» Instructions for the task:
Exactly reproduce the line containing "Nuxe Rêve de" and all later lines to the end of the entries, leaving the pictures out of your copy.

» Provided material:
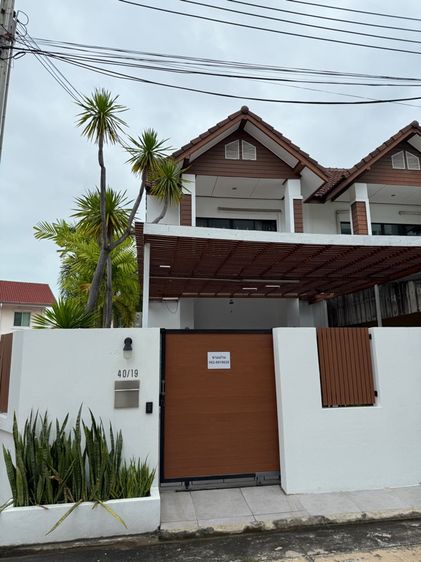 อื่นๆ 2014 มีบางส่วน บ้านหัวมุม ทำเลดีใกล้บางแสน รูปที่ 3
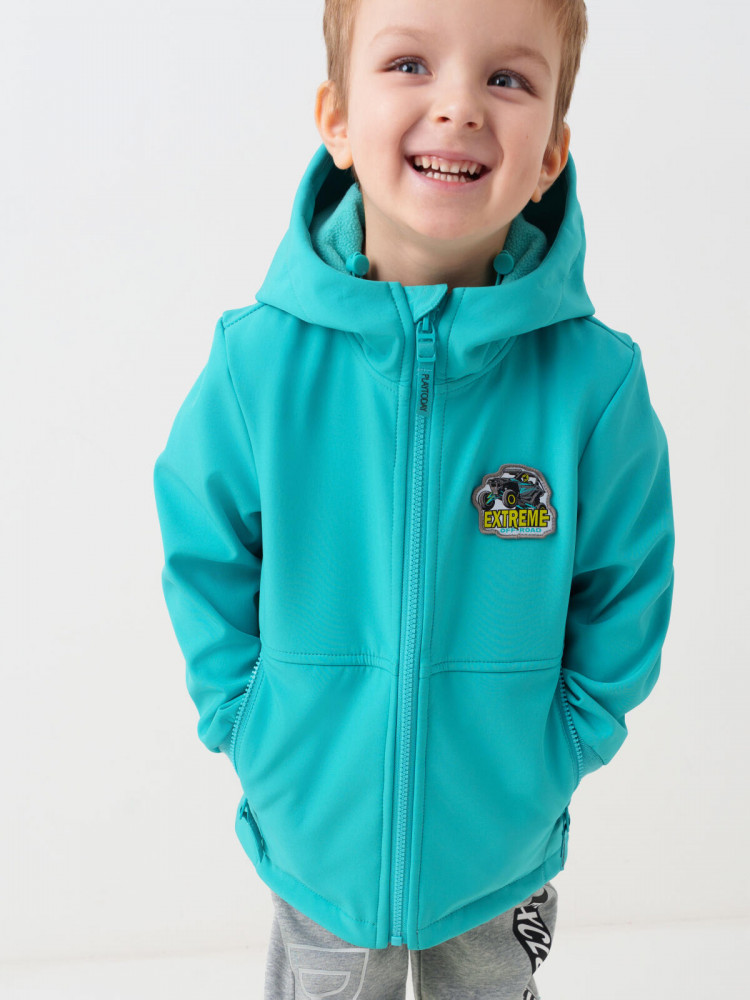 Куртка для мальчиков | Neon Racer | PlayToday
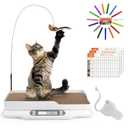 Digital Small Animals Scales for Weighing with Tape Measure, Puppy Whelping Scale Weigh Your Kitten, Rabbit with High Precision (Large Pet Scale)
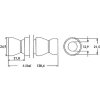 1/2" segment LOC-LINE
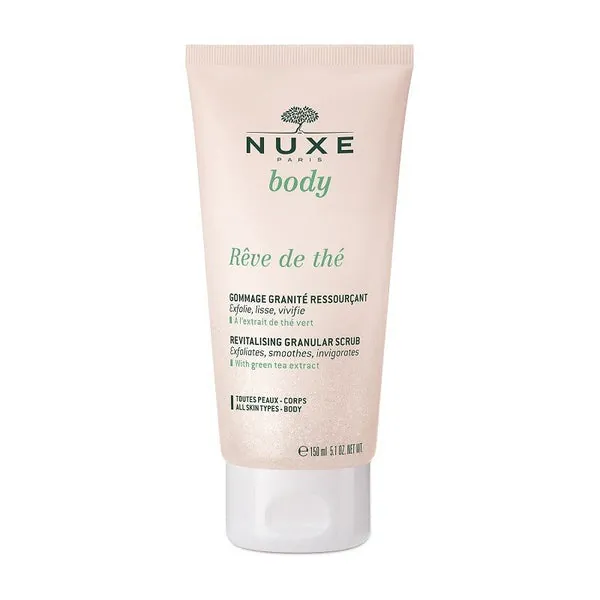 Nuxe Rêve de Thé Exfoliante Granulado Revitalizante 150ml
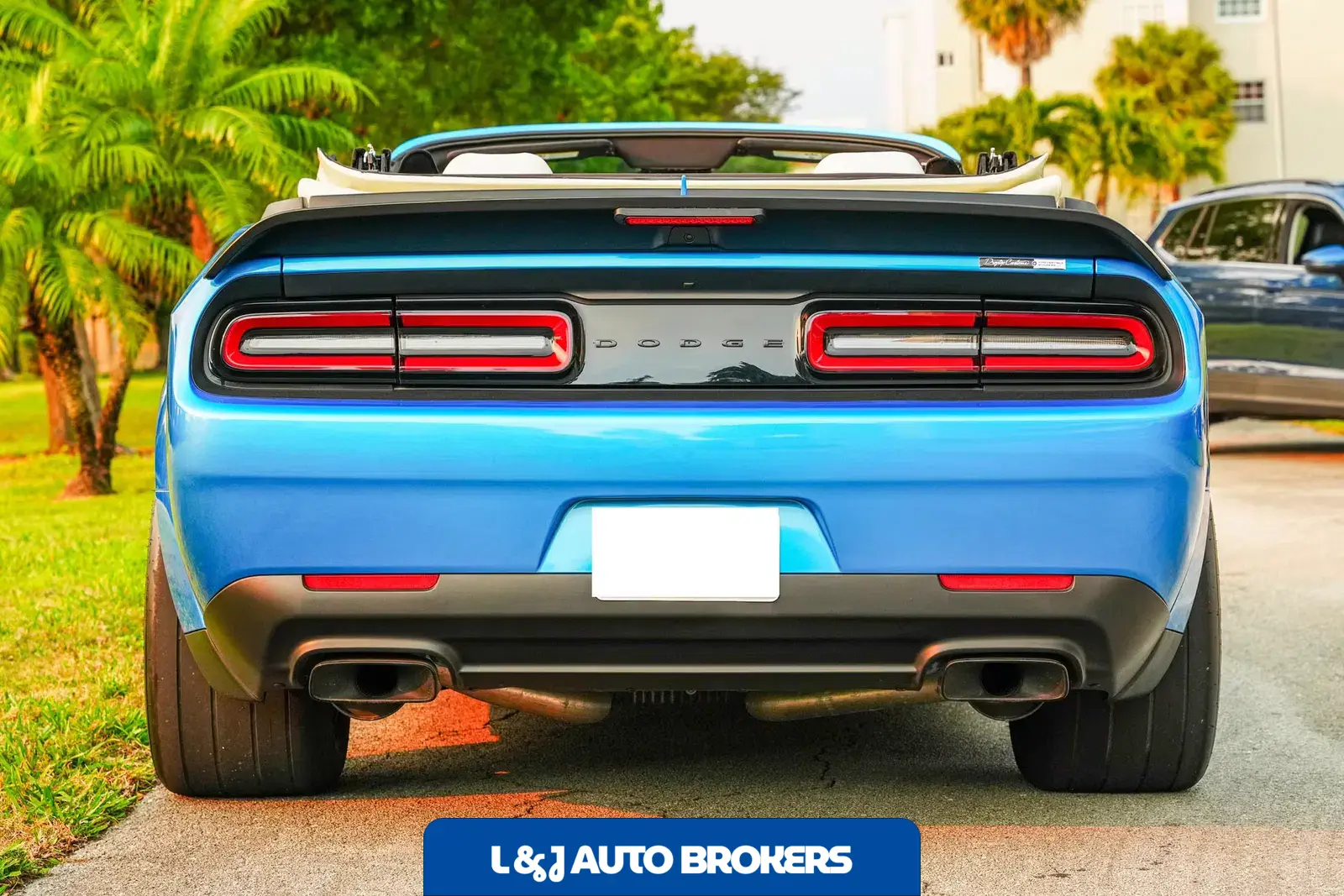 2023 Dodge Challenger SRT Demon 170 Convertible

» Your response:
 Nuxe Rêve de Thé Exfoliante Granulado Revitalizante 150ml
 2023 Dodge Challenger SRT Demon 170 Convertible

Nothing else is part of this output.